Use the Pre-Masu form for these. (i.e. the verb root has “i” rather than “u”)
-yasui kakiyasui (easy to write)
-nikui kakinikui (hard to write)
-nasai kakinasai (Write!) [Normal Directive]
-tai kakitai (I/You want to write)
-tagaru kakitagaru (Third person wants to write)

Irregular verbs don’t use the “-ro” suffix for the “EAT! [Rude Directive] In this case, the Dictionary form “u” changes to an “e.” Examples,
Ike! (Go dammit!)
Kake! (Write dammit!)
Oyoge! (Swim dammit!)
Katte! (Win dammit!)
Sase! (Stab ’em dammit!). etc.

Irregular verbs don’t use the “-you” suffix for the “Let’s …..” (informal) either. In this case, the Dictionary form “u” changes to an “ou.” Examples,
Ikou (Let’s go)
Kakou (Let’s write)
Oyogou (Let’s go for a dip)
Katou (Let’s win)
Sasou (Let’s stab ’em). etc.

These use the informal past (i.e. Formed just like the “Te”-form but with a “Ta” instead.)
-ta hou ga ii Kaita hou ga ii.-> You should write it.)
-ta hou ga yokatta Oyoida hou ga yokatta. -> I should’ve swum.

These use the informal negative
-nakute ii Yobanakute ii. (You don’t have to call him.)
-nakute yokatta Kawanakute yokatte. -> I didn’t have to buy it.

-tara [Possibility (Definite)] Dereba, If you eat, ………
(If/When you meet Joe (and I know you will meet him), tell him hi.)

Irregular verbs don’t use “-reba” [Possibility (Unsure)]. They use “eba” on the Pre-Masu. Remember: simply drop the “u” off the dictionary form and replace it with a “eba”.
Examples, kakeba, oyogeba, yobeba, utaeba, etc.

[Recommendations work the same way. Simply say your “eba” form and add an “ii” to the end]
Kakeba ii. (You should write).
Oshiereba ii. (You should teach).
Utaeba ii (You should sing.), etc.
[The “I told you so” form is the same. Just make the “ii” into the past “yokatta”]
Kakeba yokatta. (You should’ve written it down).
Oshiereba yokatta. (I should’ve taught you).
Utaeba yokatta (You should’ve sang at the party.), etc.

-(dictionary form) + to [Direct Causitive] (Hayaku kaku to, yomenai yo
(If you write quickly, I can’t read it.)

The “nai to”, “nakereba …”, “nakutewa …” forms all use the root of the negative informal.
Kakanai, Kakanakereba, Kakakutewa…. etc.
Oshienai to dame desu. -> You must teach!
Kakanakereba wakaranai. -> If you don’t write it out for me, I won’t understand.
Ikankutewa dame -> I gotta go!

*For the “rareru” [Passive], “saseru”[Permission/Coersion], “saserareru” [Permission/Coersion Passive] drop the “ra”, “sa” or “sa” from each form and add it to the negative root.

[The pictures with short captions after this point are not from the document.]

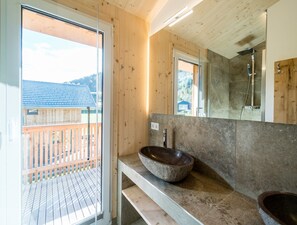 Badekar, hårføner og håndklær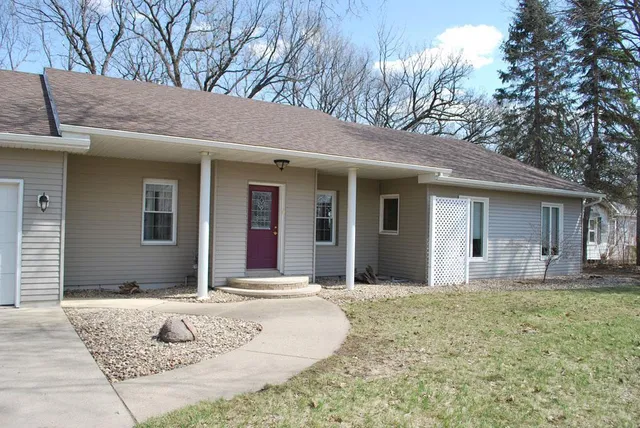 $449,900 | 767 Shoreacres Drive, Fairmont, MN 56031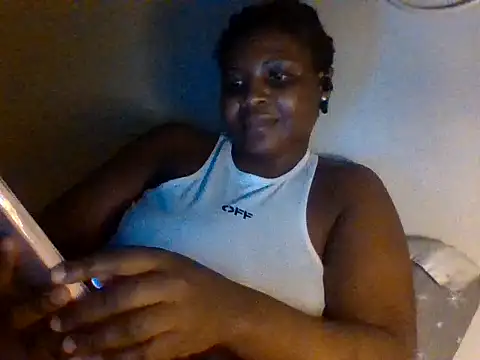 queenzuena online show from July 31, 9:36 pm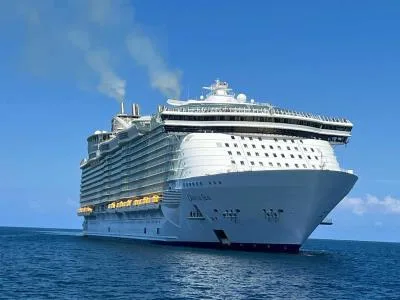 Tres corporaciones movilizan 84.07 % de cruceristas que visitan RD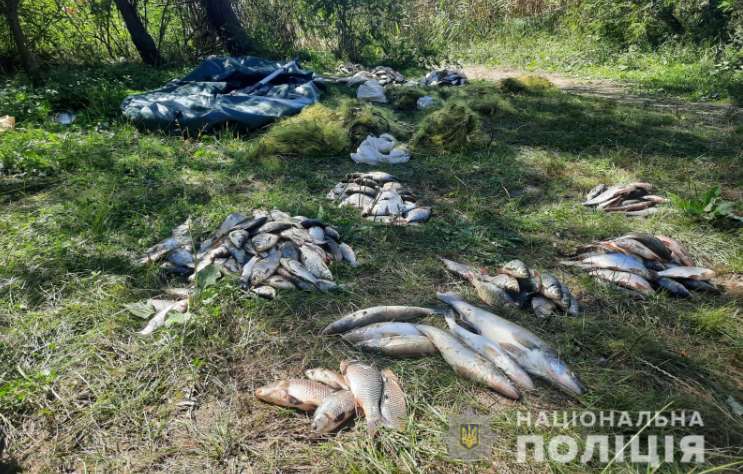 На Полтавщине полиция разоблачила браконьеров на воде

This functions as an “RU” verb now.
Kaku (to write) Kakanai (negative informal) -> drop the “nai” to create the root “kaka”
Kaka-reru, Kaka-seru, Kaka-serareru [say that ten times fast]
Utau (to sing) Utawanai (negative informal) -> drop the “nai” to create the root “utawa”
Utawa-reru, Utawa-seru, Utawa-serareru

For ability, you take the “u” and turn it into an “e-ru”. This functions as an “RU” verb now.
kaku (to write) kakeru (I can write)



Level four verbs are probably used the most frequently, but they are all irregulars so I put them last.

suru (to do)
kuru (to come)
aru (to be (non-living)

SURU [acts essentially like a RU verb of Level 2 except for the asterisks]
suru (plain present/future)
*shinai (plain negative)
shita (plain past)
*shinakatta (plain past negative)
shite (Te-form)

shitai (want to go)
*saseru (let do/ force to do)
sureba (if you do that….)(
*dekiru (can do) [basically acts like a Level 2 Pre-masu verb for conjugations]

KURU [acts essentially like a RU verb of Level 2 except for the asterisks]
kuru (plain present/future)
*konai (plain negative)
kita (plain past)
*konakatta (plain past negative)

kite (Te-form)

ARU [acts essentially like a RU verb of Level 2 except for the astericks]
aru (plain present/future)
*nai (plain negative)
atta (plain past)
*nakatta (plain past negative)

atte (Te form)
(arinasai doesn’t exist because you can’t order a non-living thing around!)

Have you noticed that the Te-form and the Plain Past follow the same pattern? The Te-form always ends in “e” and the Plain Past always ends in an “a”.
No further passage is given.